TEM images of the Au NPs after digestive ripening in chlorobenzene for different reflux times: a 4, b 8, c 12, g 16, h 20, and i 24 h. The corresponding particle size histograms: d 4, e 8, f 12, j 16, k 20, and l 24 h

Fig. 4
figure 4

Distribution of Au nanoparticles vs. digestive ripening reflux times at 136 °C

To verify the hypothesis, we designed two scenarios. One was the addition of new DDT to the system during the digestive ripening process; the other was reducing the digestive ripening temperature. In the first one, 2.5 μL new DDT was added to the solution of the Au NPs after reflux at 136 °C for 12 h, followed by another 12 h reflux. As shown in Additional file 1: Figure S1, the size distribution was only 7.0%, much lower than that of Au NPs after continuous reflux for 24 h. It suggested the new DDT took effective digestive ripening, implying the original DDT in the solution lost its effectiveness. In the other case, the heating temperature was decreased from 136 to 70 °C. As shown in Additional file 1: Figure S2 and Figure S3. The equilibrium time of digestive ripening can be achieved in 20 h, and afterwards, the size distribution of Au NPs nearly kept constant at least for another 12 h. It suggested that it was the high temperature that damaged the DDT. The two experiments confirmed the assumption and moreover demonstrated that the temperature and time made a difference to digestive ripening.

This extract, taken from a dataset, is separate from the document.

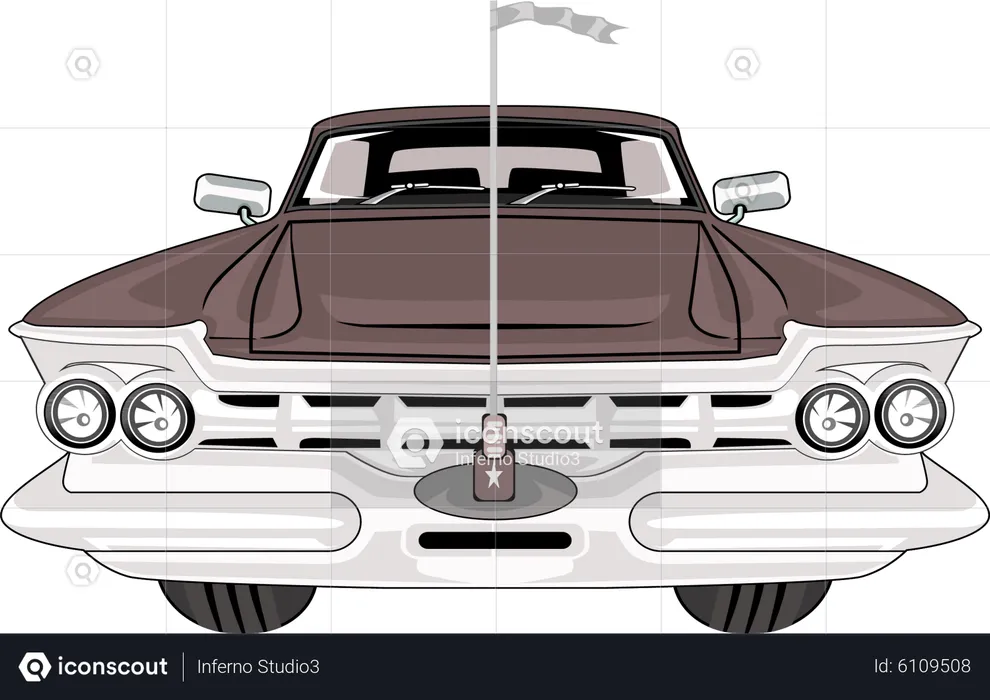 Retro Classic Car  Illustration
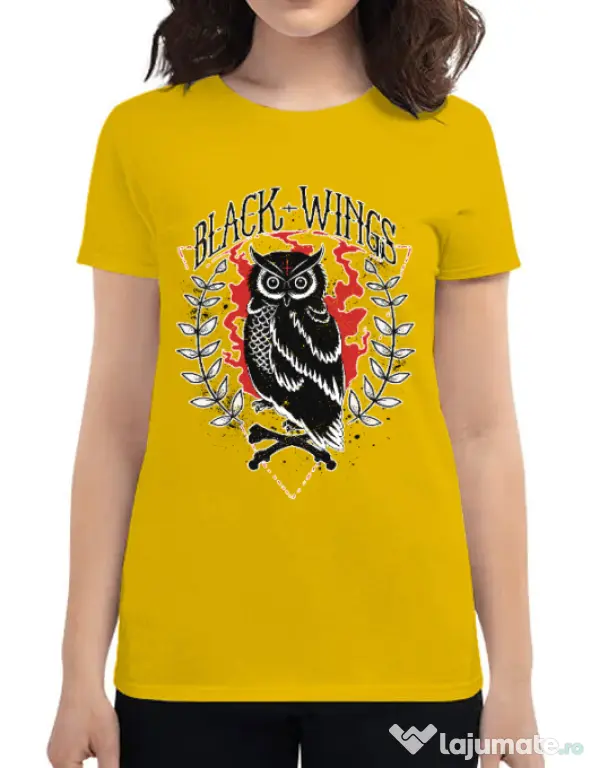 Tricou ADLER dama Black wings Galben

The above study suggested that in digestive ripening, high solvent polarity and appropriate combination of temperature and time was crucial to the nanoparticles distribution. Based on the obtained experiments, we chose a high polarity benzol solvent, p-chlorotoluene (whose dielectric constant is 6.25 [25]), as the solvent to perform digestive ripening at 136 °C for 16 h. The TEM image and corresponding size distribution histogram were depicted in Fig. 5a, b. As desired, the high-quality monodisperse Au NPs was obtained, and the relative standard deviation could reach as low as 4.8%. Through simple solvent evaporation, the monodisperse nanoparticles could be self-assembled into the superlattices as shown in Fig. 5c, d. This result confirmed the importance of the solvent in digestive ripening and showed the promise of the method.

Fig. 5
figure 5

Au nanoparticles obtained in p-chlorotoluene solvent by reflux at 136 °C for 16 h. a TEM image. b The corresponding particle size histogram. c The superlattices image. d The corresponding fast fourier transform

Conclusions

This work was focused on the influence of the solvents on the size distribution of the nanoparticles in digestive ripening. The experiments indicated that for the benzol solvents, the distribution could decrease remarkably with the increase of the polarity. This could be interpreted by the Gibbs free energy of a spherically charged particle. Higher solvent polarity could lead to lower energy of the nanoparticles, which may consequently reduce the polydispersity of the nanoparticles. Through adjusting the solvent polarity, the high-quality Au NPs with 4.8% relative standard deviation and corresponding supperlattices have been achieved. Verifying the effectiveness of the method in synthesis and self-assembly. Combined with simple and facile synthesis method, the digestive ripening in an appropriate solvent could be a promising and practical approach to obtain monodispersed nanoparicles, having great potential in the nanoscience.